#### Work to be completed
Could you repeat the records below exactly, without the pictures?

#### Information given
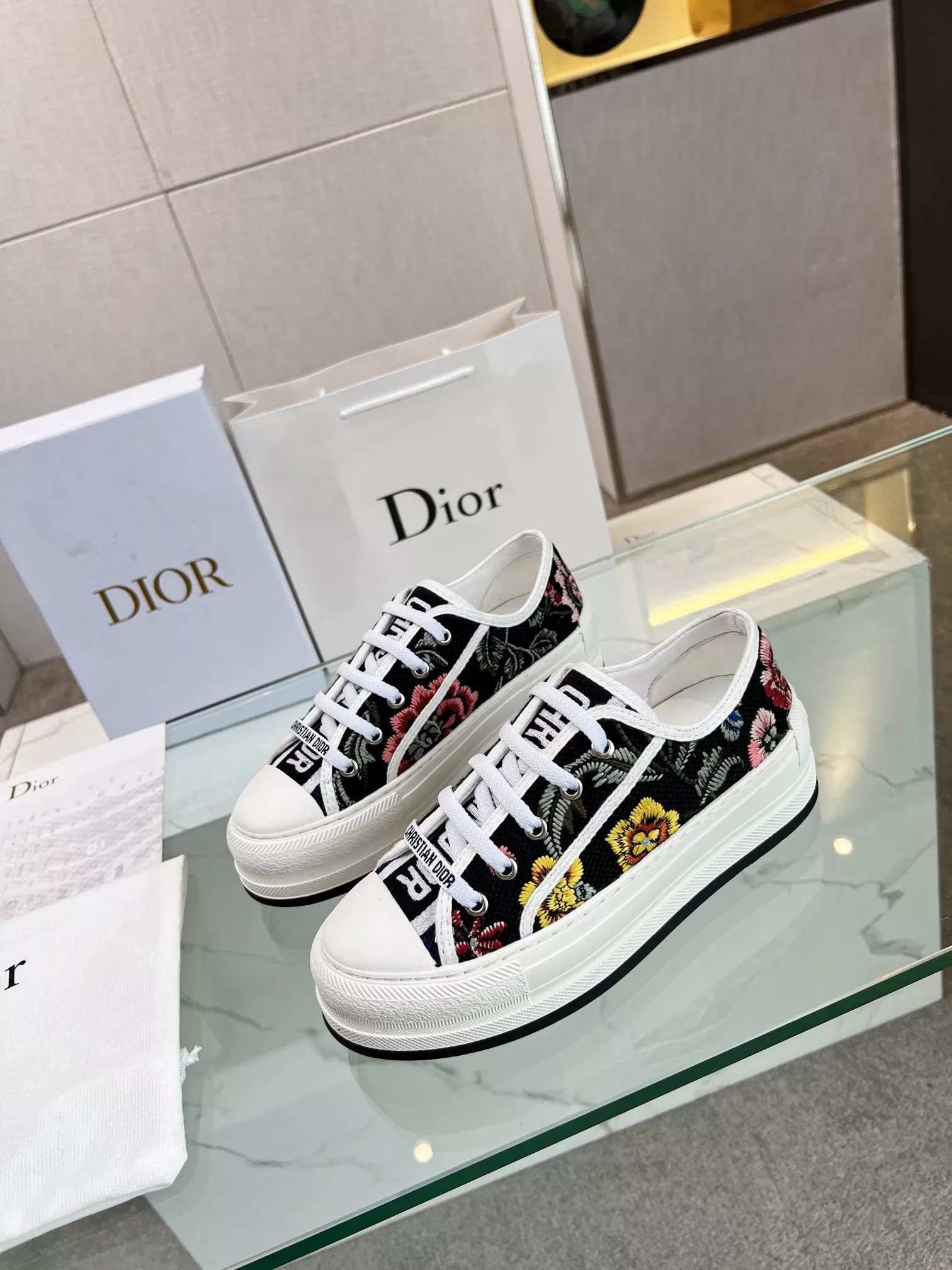 Practical 4392 Christian Dior Casual Shoes For Women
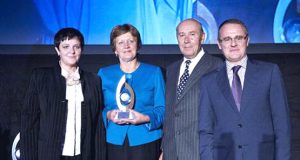 Lietuvai skirtą prizą parvežė Turizmo departamento atstovė B.Rubikaitė (iš kairės)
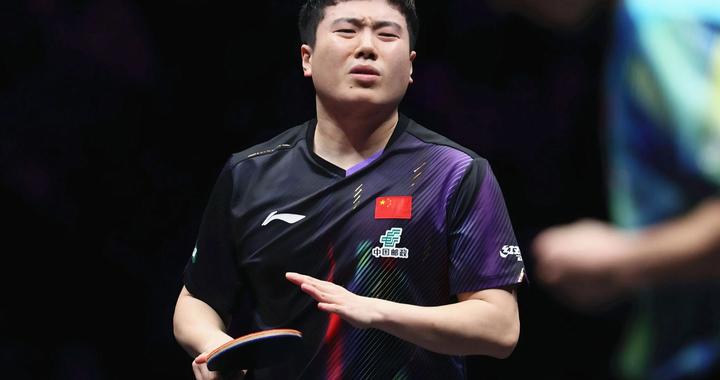 澳门世界杯：国乒首败诞生！王皓恨铁不成钢，张本智和3-1开门红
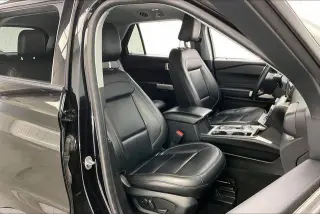 Ford Explorer 2022 AWD XLT 4dr SUV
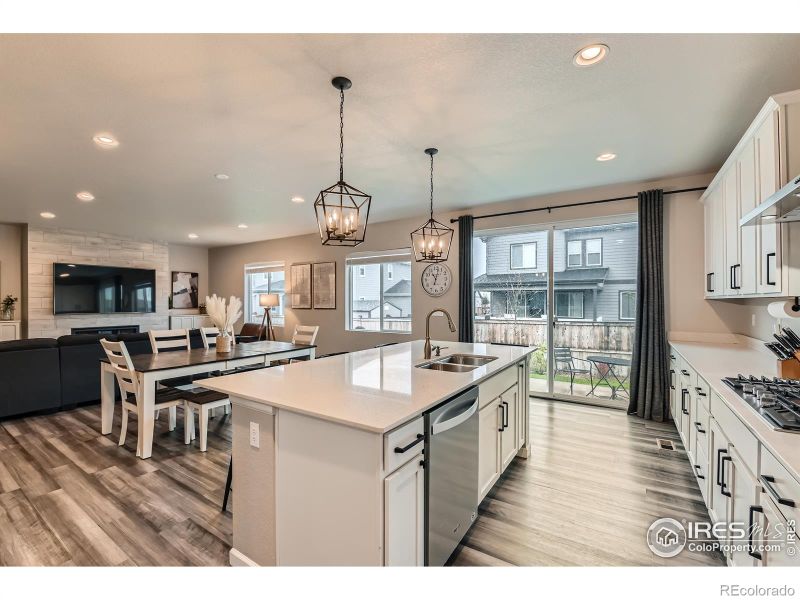 6732 E 119th Ave, Thornton, CO 80233
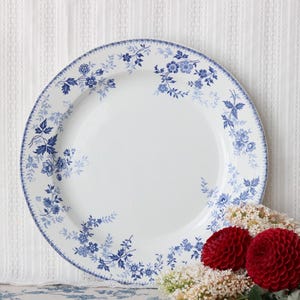 Antique Boch Frères Keramis (BFK) Dugazon round serving platter 29.5 cm (11.6 in) – 1890–1900 – Blue Transferware Farmhouse – Undamaged
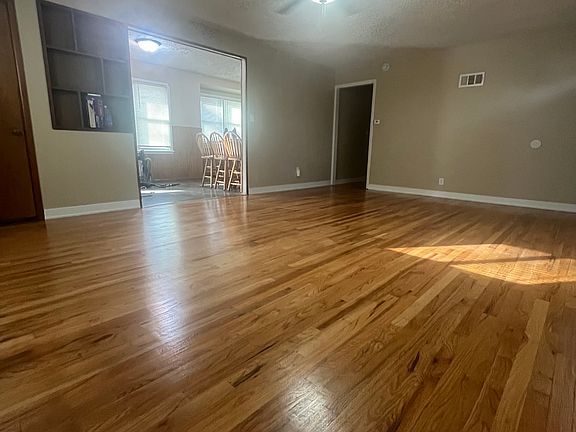 3rd image of 1815 N 31st St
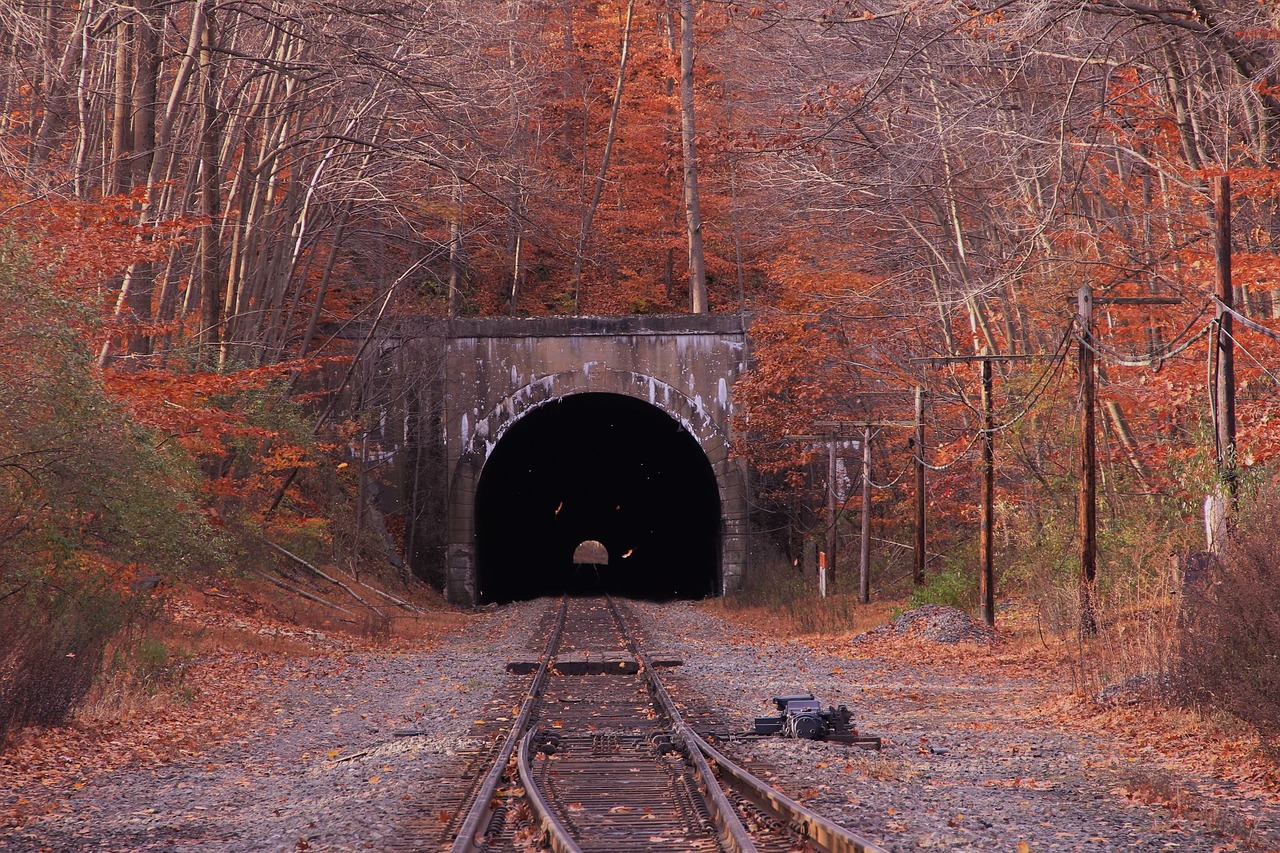 Image - train tunnel fall jersey
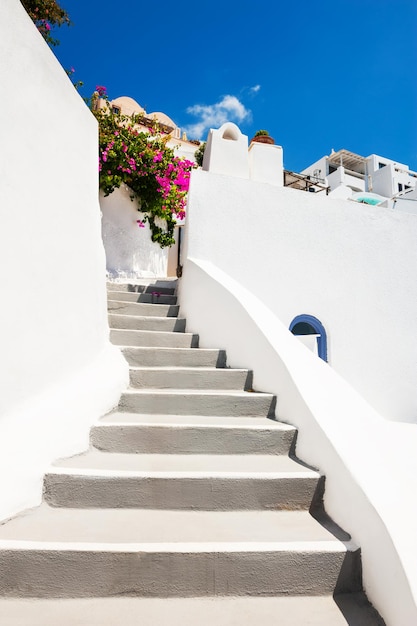Biała architektura cyklad na wyspie Santorini, Grecja. Cel podróży, popularny kurort turystyczny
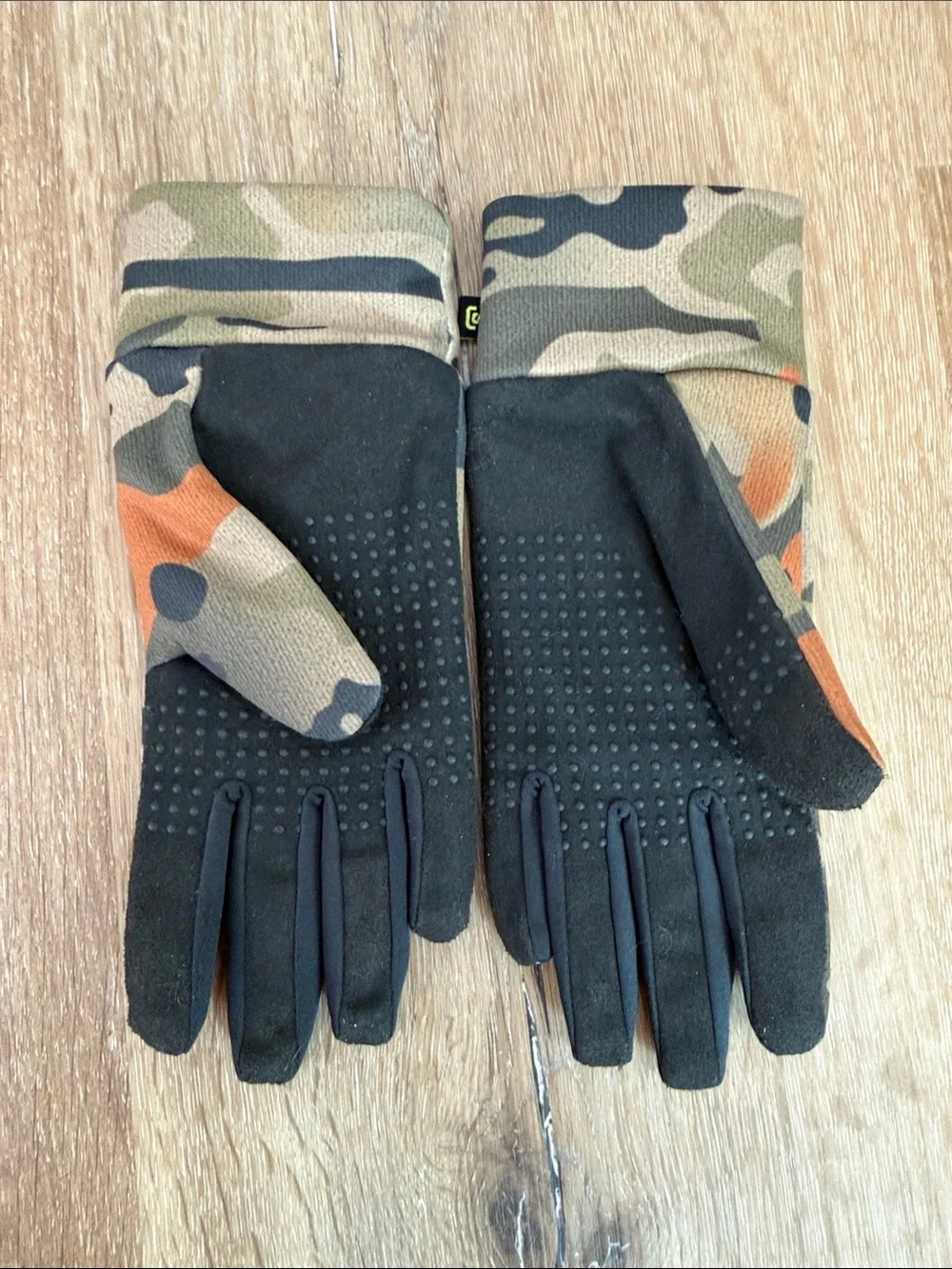 Burton Snowboarding Camo Gloves - Olive/Orange/Black | Medium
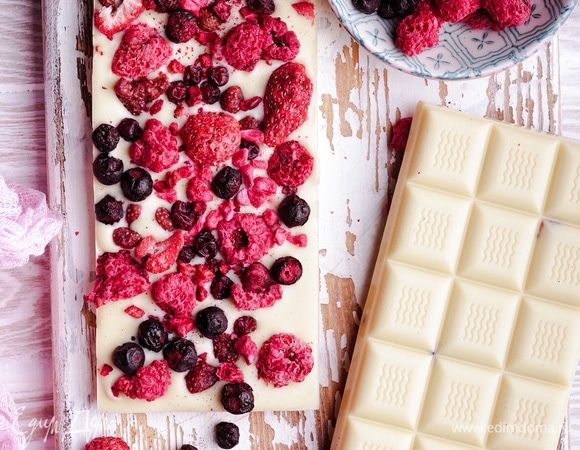 Температуры темперирования белого шоколада. Для правильного темперирования белого шоколада нужно придерживаться следующих температур. Температура, до которой необходимо разогреть белый шоколад, — 40°C. Температура, до которой необходимо остудить белый шоколад и начать вмешивать Mycryo, — 33–34°C. Температура для работы с белым шоколадом — 29–31°C.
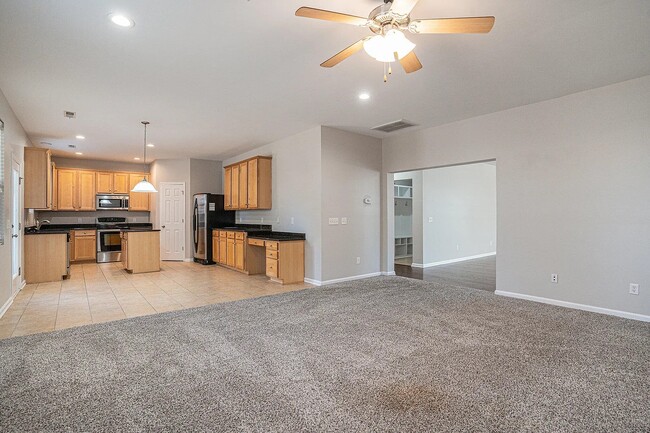 Building Photo - 239 Clayburne Dr
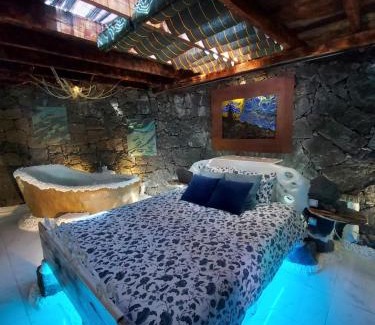 Conil Villa | ALOELUX VILLA ! - Private Villa with Jacuzzi, cinema ,massage ,wonderful view, art desing villa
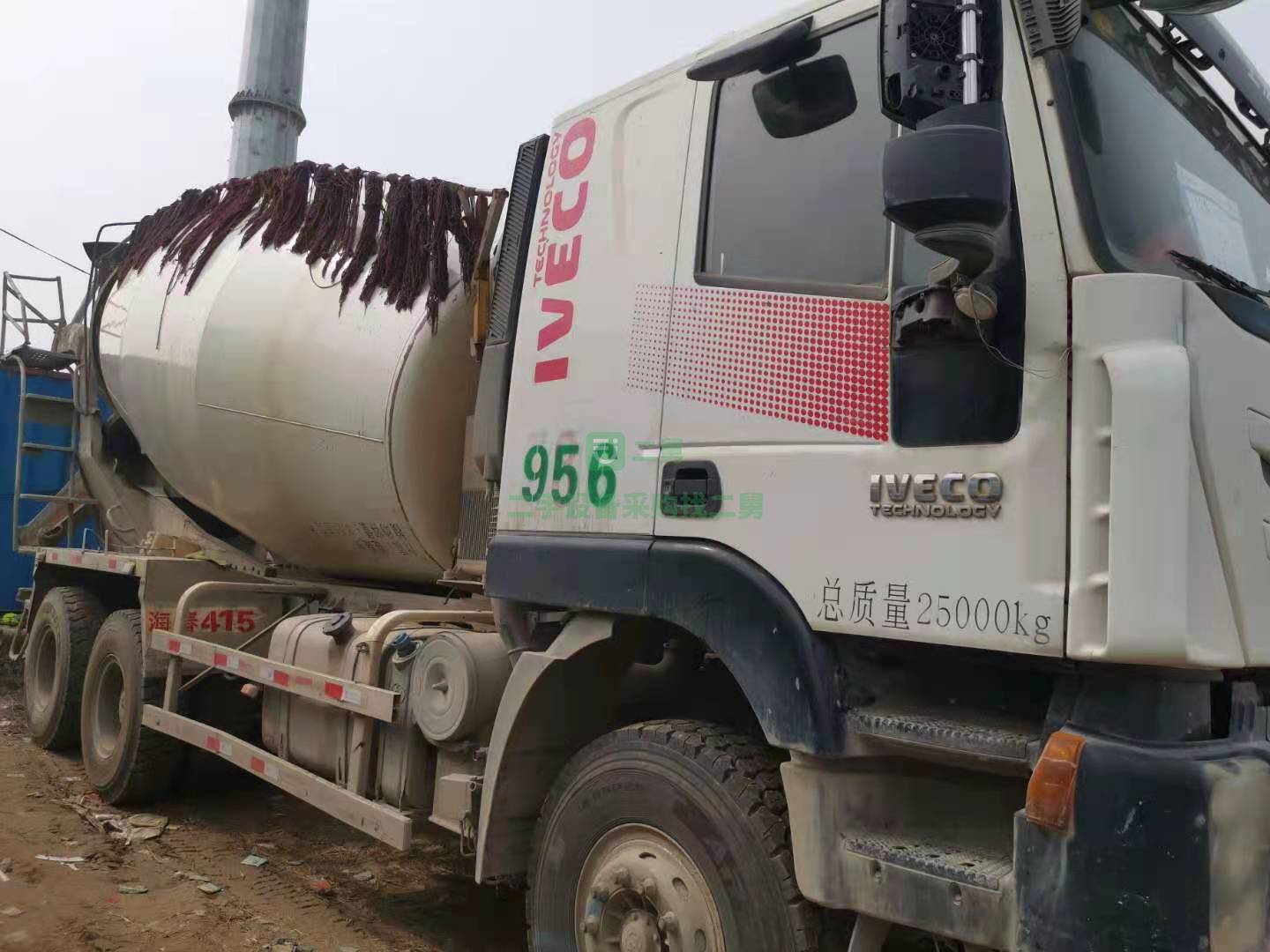 出售一臺18年紅巖杰獅攪拌車，科索發動機350馬力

#### Written response
 Practical 4392 Christian Dior Casual Shoes For Women
 Lietuvai skirtą prizą parvežė Turizmo departamento atstovė B.Rubikaitė (iš kairės)
 澳门世界杯：国乒首败诞生！王皓恨铁不成钢，张本智和3-1开门红
 Ford Explorer 2022 AWD XLT 4dr SUV
 6732 E 119th Ave, Thornton, CO 80233
 Antique Boch Frères Keramis (BFK) Dugazon round serving platter 29.5 cm (11.6 in) – 1890–1900 – Blue Transferware Farmhouse – Undamaged
 3rd image of 1815 N 31st St
 Image - train tunnel fall jersey
Biała architektura cyklad na wyspie Santorini, Grecja. Cel podróży, popularny kurort turystyczny
 Burton Snowboarding Camo Gloves - Olive/Orange/Black | Medium
 Температуры темперирования белого шоколада. Для правильного темперирования белого шоколада нужно придерживаться следующих температур. Температура, до которой необходимо разогреть белый шоколад, — 40°C. Температура, до которой необходимо остудить белый шоколад и начать вмешивать Mycryo, — 33–34°C. Температура для работы с белым шоколадом — 29–31°C.
 Building Photo - 239 Clayburne Dr
 Conil Villa | ALOELUX VILLA ! - Private Villa with Jacuzzi, cinema ,massage ,wonderful view, art desing villa
 出售一臺18年紅巖杰獅攪拌車，科索發動機350馬力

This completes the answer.